The impact of Christianity on world history is unfathomable, incalculable and unconquerable and even in nations like England or France (or America for that matter) where but a few were authentic believers, the impact of the religion of Christ, counted in millennia rather than decades, has been earth shattering, foundation-laying and world-changing.
Some seek to dismantle these very basic building blocks of the First World by claiming that there is such a thing known as “Western Christianity” that can be divided, or made distinct from some other kind of Christianity. We deny this notion. While beginning in Jerusalem, being advanced in its early years in places like North Africa, and settling its seats of influence in places like Antioch of Syria, Corinth, and ultimately Rome, the stream of authentic Christianity built what we now know as Western Civilization. We would not argue that there is a kind of Christianity that is unique to Western Civilization. We would argue that Western Civilization is the product of authentic Christianity.

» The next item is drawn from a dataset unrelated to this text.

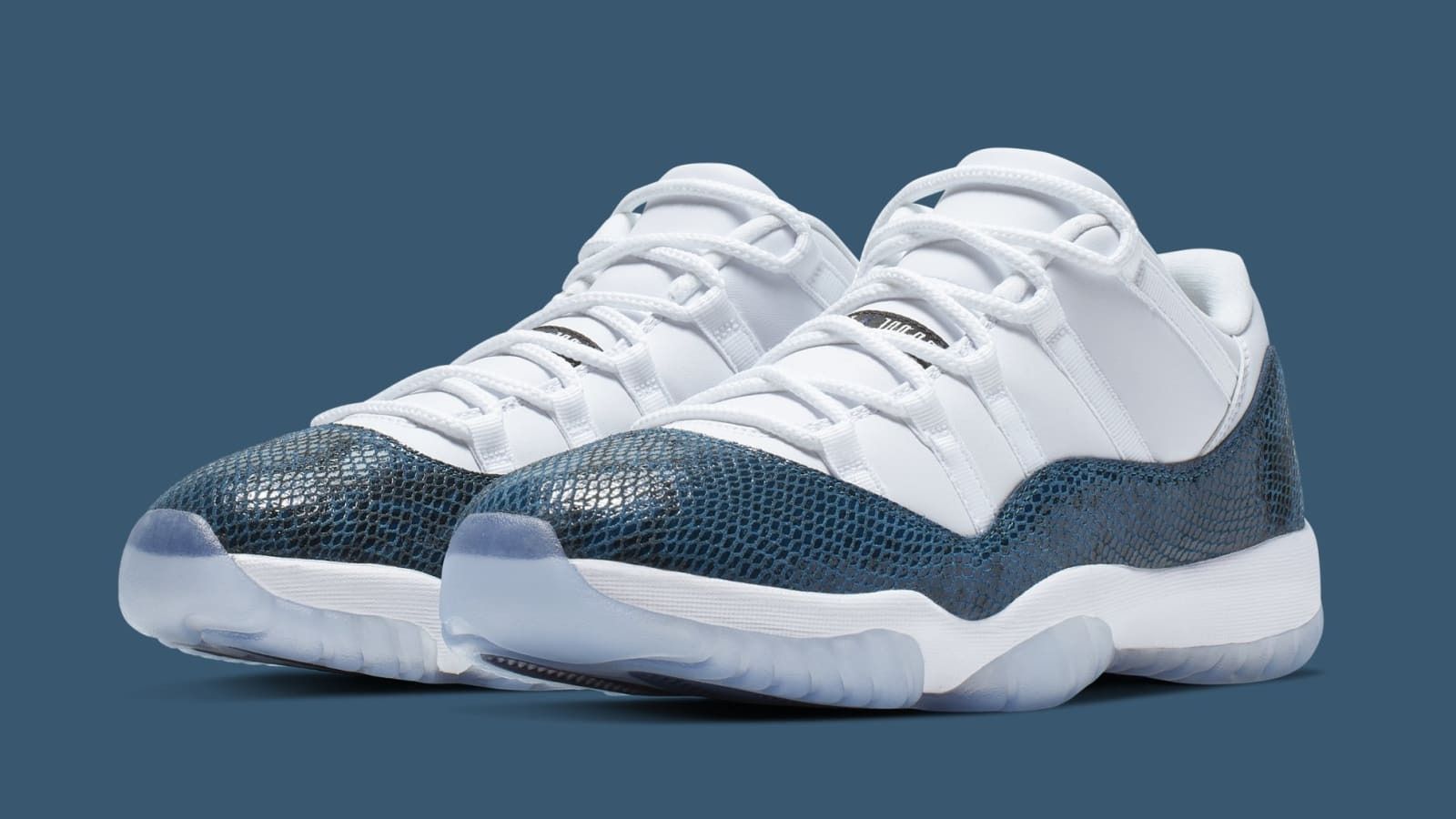 Air Jordan 11 Low blu bianco, 1600x900 900p, Desktop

Furthermore, we would argue that the vast majority of that which is of any value in human civilization, which benefits “human flourishing,” is intrinsically Western, but only because what we know as “Western” is ultimately that which is Christian.
This is not to say of course, that everything in Western Civilization is Christian or that everything claiming to be is either. As I said in the quotation from my manuscript above, the New World was settled in large part due to the contest between Protestants and Catholics (like Columbus) in the Reformation and Counter-Reformation. Even faux-Christianity, like that of the Jesuits which conquered parts of the Americas, is better for a culture than no Christianity at all.
The impact of Columbus’ voyage to America has been inherently (and mostly) good. To deny this is to deny objective, historical fact. Ultimately, aside from the benefits of Western Civilization brought by the Catholic navigator Christopher Columbus, this also inadvertently opened the doors of mass Protestant evangelism of the Americas. God’s providence indeed.